A proposito di Bologna/Seattle, piccole, medie imprese e globalizzazione
Un'analisi per invitare a un dibattito disincantato e realistico sulle alternative praticabili
 

di PIETRO FRIGATO

  Sicuramente il vertice di Bologna sulla globalizzazione osservata con le lenti delle piccole e medie imprese potrebbe rappresentare un momento di riflessione importante per l’insieme di quel movimento disarticolato di protesta che ha preso le proprie mosse a Seattle. Dico disarticolato in modo improprio, perché, a ben guardare, ci si trova di fronte a pressioni profondamente contraddittorie, difficilmente coniugabili. Per non citarne che una particolarmente evidente, si può fare riferimento alla drammatica frattura che corre lungo la classica linea di separazione che storicamente ha ostacolato la comunicazione tra “rossi” (portatori di istanza sindacali e redistributive in genere, dunque anche tradizioni socialdemocratiche) e “verdi” (differenti sensibilità per l’ambiente, accomunate da socialmente insidiosissime richieste di riduzione dei consumi, dunque della domanda aggregata e dell’occupazione). 
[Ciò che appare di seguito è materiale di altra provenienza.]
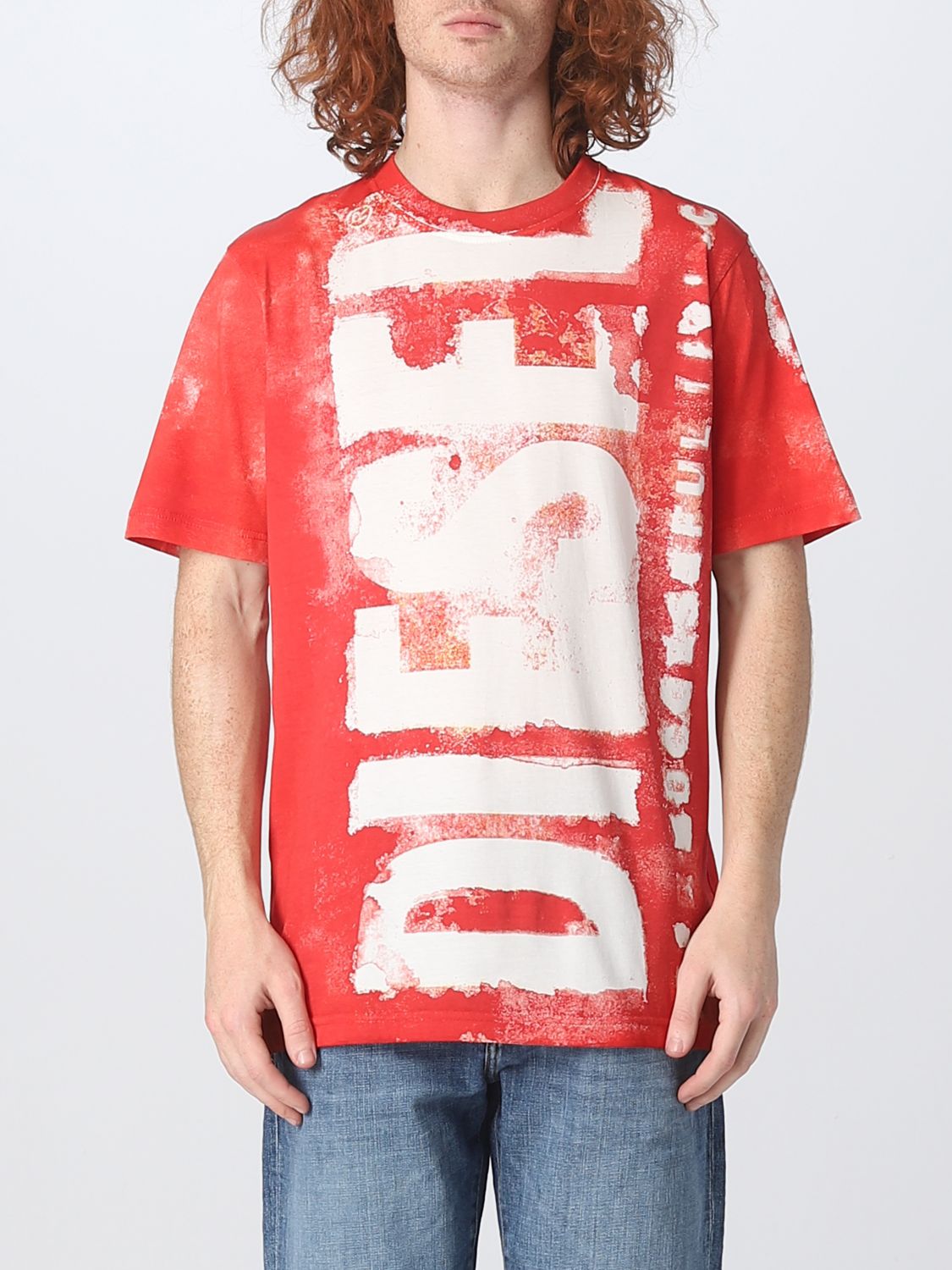 DIESEL: t-shirt for man - Red | Diesel t-shirt online on GIGLIO.COM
  Per quel che mi è dato di sapere, questa fondamentale crepa non risulta ancora superata teoricamente da quanti si adoperano dall’interno del mondo accademico e scientifico per la predisposizione di un quadro concettuale eco-sociale in qualche modo coerente. Il movimentismo non può che soffrirne ma fa male a se stesso a sorvolarvi.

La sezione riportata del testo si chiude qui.